Karen Solomon’s commentary was included in a Global Banking Regulation Review article discussing U.S. Office of the Comptroller of the Currency (OCC) changes that will affect the agency’s approach to reviewing deals between national banks and federal savings associations under the Bank Merger Act (BMA) and other legislation.
Karen said applicants mostly look for timeliness and predictability in regulatory decision-making and that the most persistent complaints about the OCC application process tend to be that it takes much too long to get to a decision, and that it is hard to predict how the regulator will exercise the discretion it has under the statute. “The proposal does not fix the timing issue – if anything, it suggests that decisions will take longer because of the number and variety of factors that the OCC will consider,” she explained.

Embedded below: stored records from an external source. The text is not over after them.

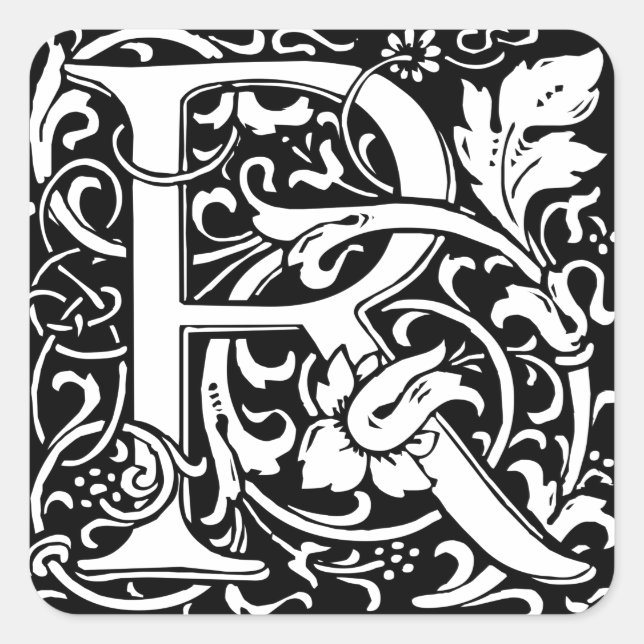 Letter R Mediaeval Monogram Art Nouveau Square Sticker (Front)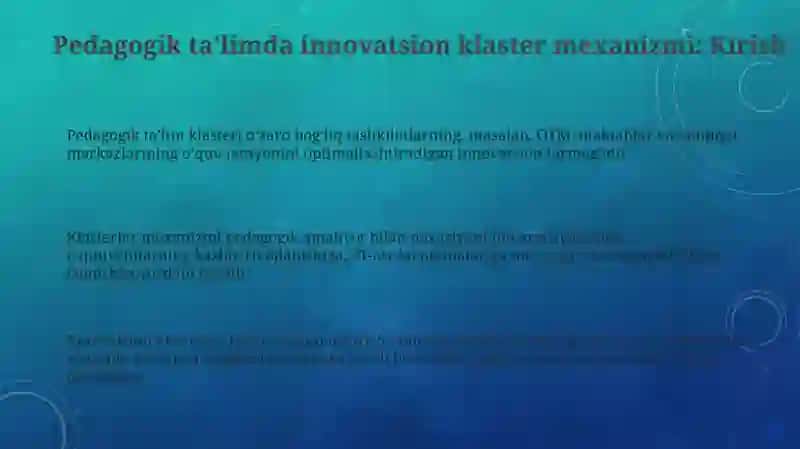 Oliy ta'lim tizimida pedagogik ta'limning innovatsion klaster mexanizmi 3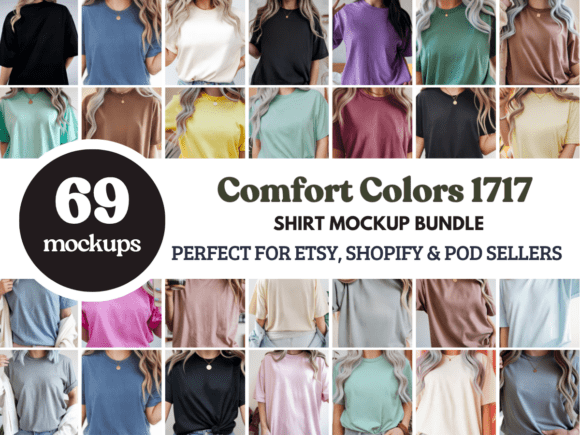Download Comfort Colors 1717 Shirt Mockup Bundle - Shirt Collection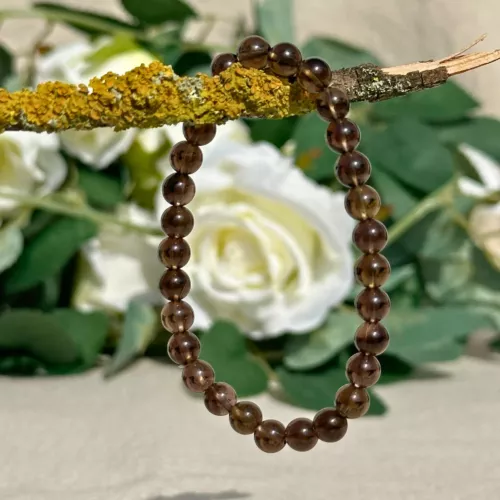 bracelet quartz fumé 6 mm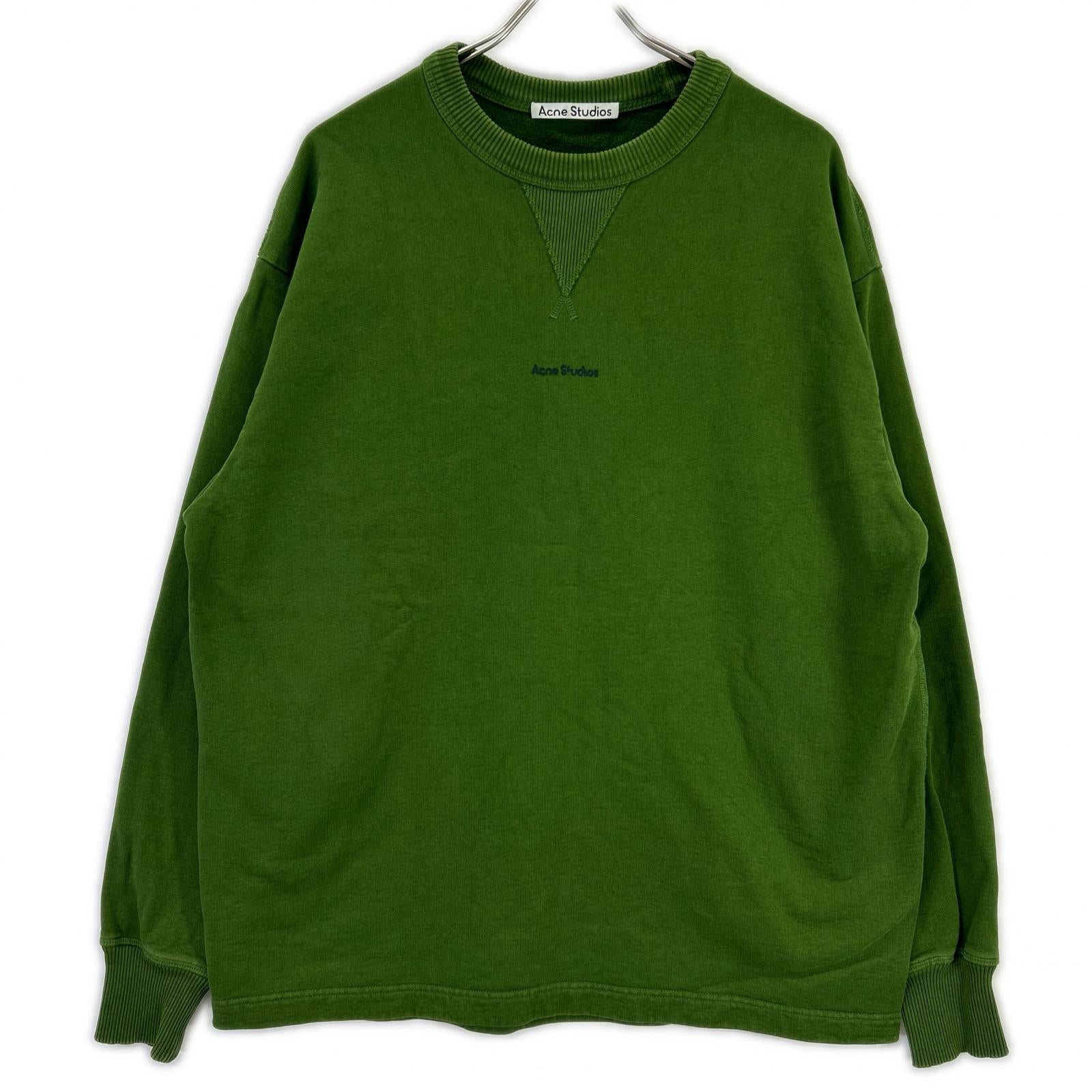 ACNE STUDIOS アクネ ストゥディオズ FN-MN-SWEA000260 グリーン コットン ロゴ刺繍 クルーネックスウェットプルオーバー トップス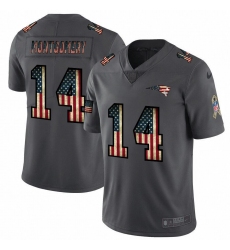 Men's New England Patriots #14 Ty Montgomery Nike 2018 Salute To Service Retro USA Flag Limited NFL Jersey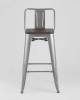 Набор из 6 полубарных стульев Stool Group Tolix YD-H675E-W YG-15 X6 серебристый матовый, темное дерево, со спинкой фото 2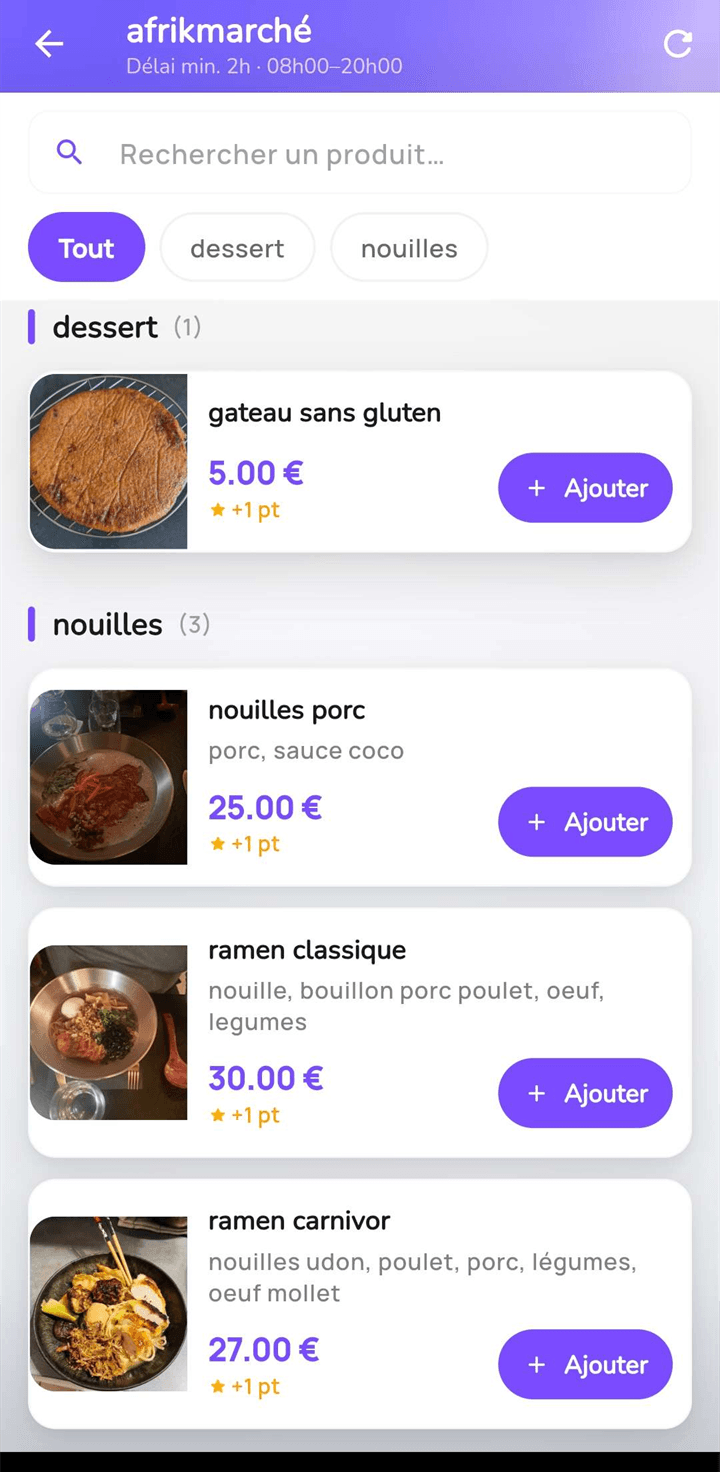 Catalogue de produits d’un commerce dans l’application FidelCard, avec les prix, les points gagnés et le bouton pour ajouter au panier.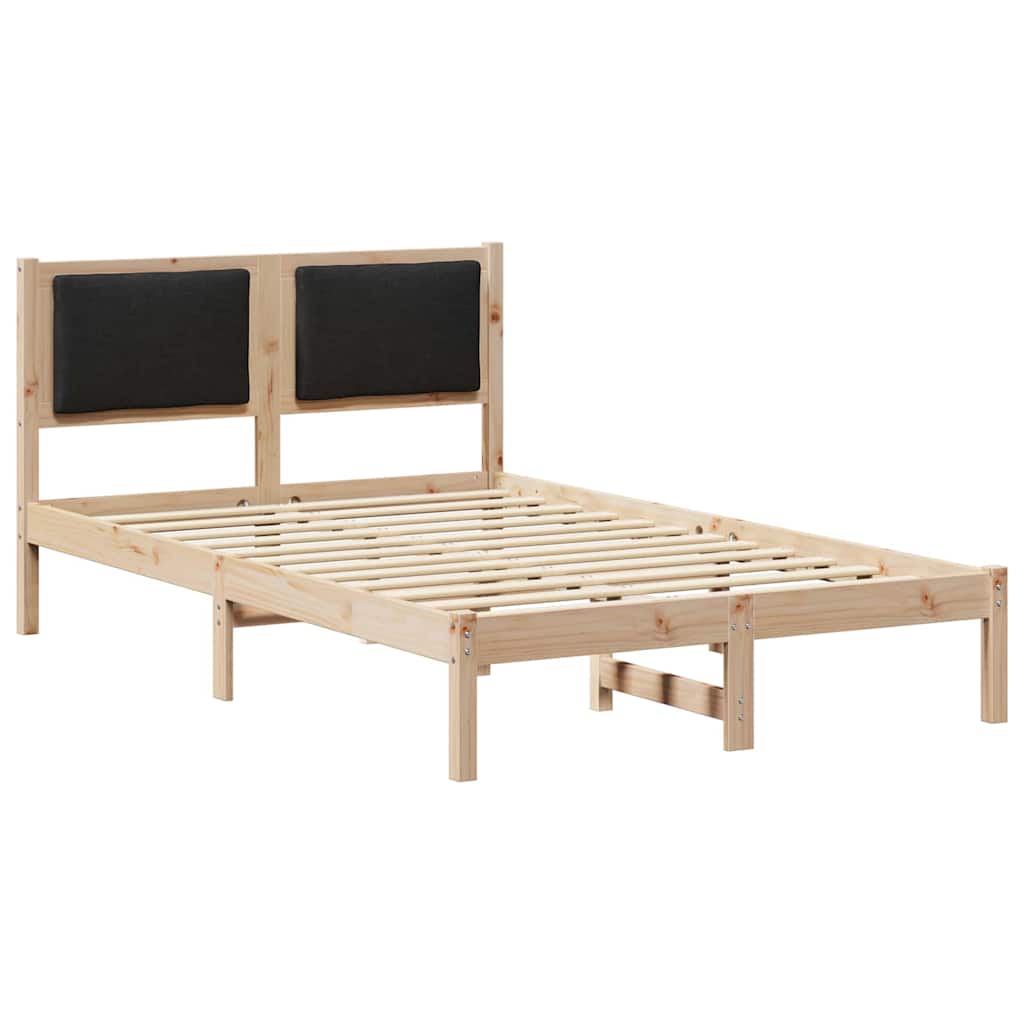 Sengestel med hovedgærde Sort 120 x 200 cm Massiv fyrretræ
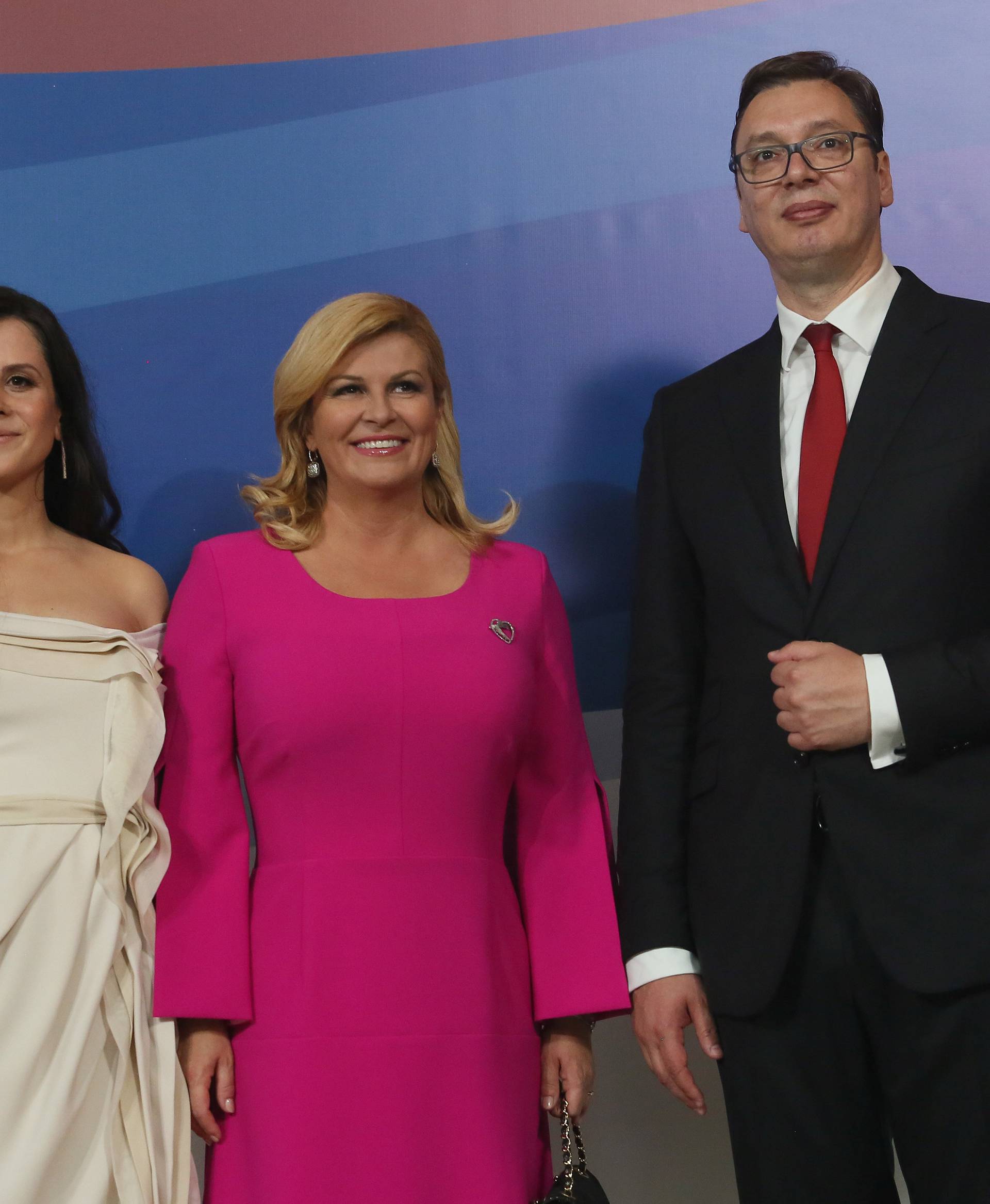 Serbia's President Aleksandar Vucic his wife Tamara and President of Croatia Kolinda Grabar Kitarovic attend an inauguration ceremony in Belgrade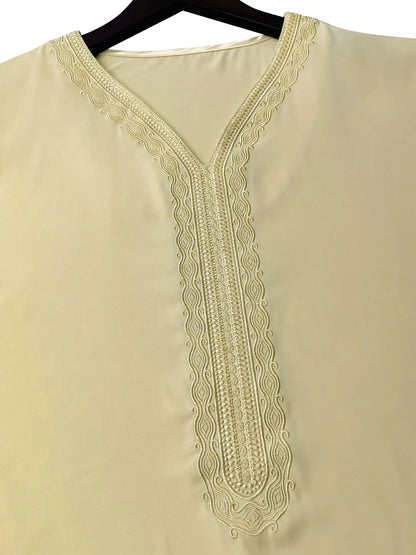 Robe longue brodée à manches mi-longues pour homme, couleur unie, style musulman, style marocain, Pakistan, Arabie, 2025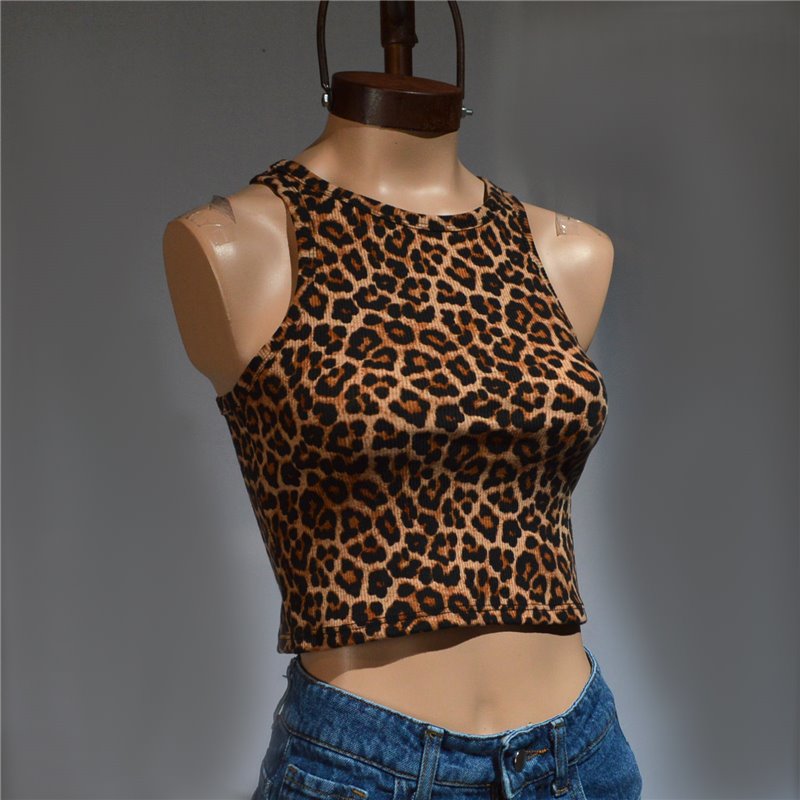 Mujer Musculosa corta morley elastizado print
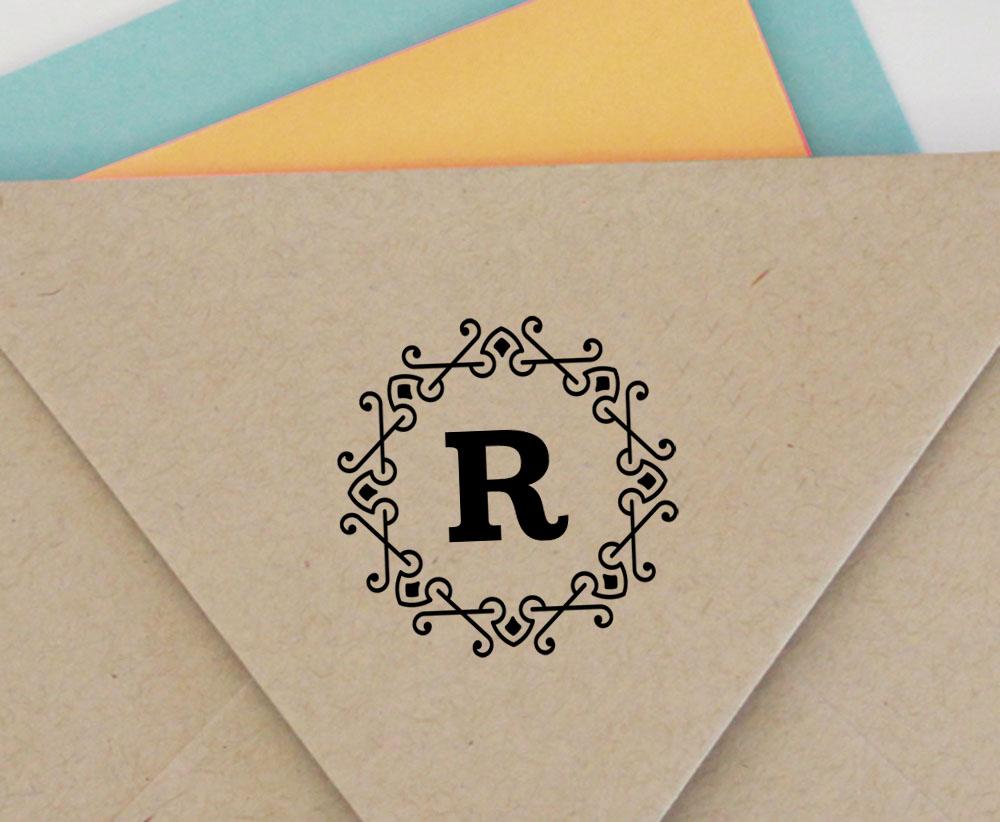 Printtoo Alphabet R Monogram Octagon Celtic Swirl Frame Self Inking Rubber Stamp Office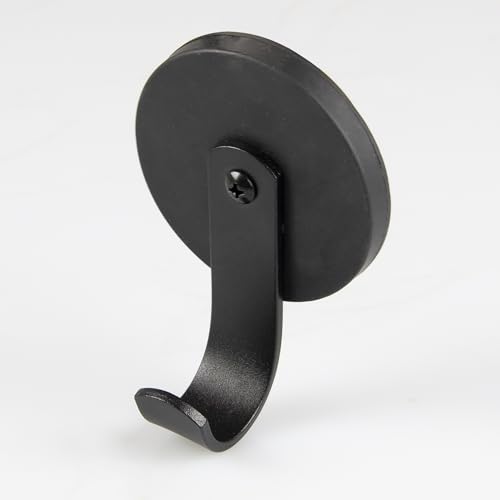Magna-C® Magnethaken mit gummierter Hülle | matt-schwarz | mit Metallhaken | Neodym-Hakenmagnet für Camping, Haushalt und Werkstatt extrem Haftstark (Ø66mm) von Magna-C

She also noted that it is useful to see what those factors show about the OCC’s “lean.” “For instance, the factors confirm that the OCC favors smaller transactions where the acquirer has a clean fair lending, consumer compliance, and BSA/AML record. But the list is of limited practical utility for predicting outcomes because the OCC reserves the ability to base its decision on a ‘significant legal or policy issue,’ which won’t necessarily be apparent at the outset of the process, and because decisions are always based on institution-specific information which is confidential and prohibited from disclosure under the agency’s rules.”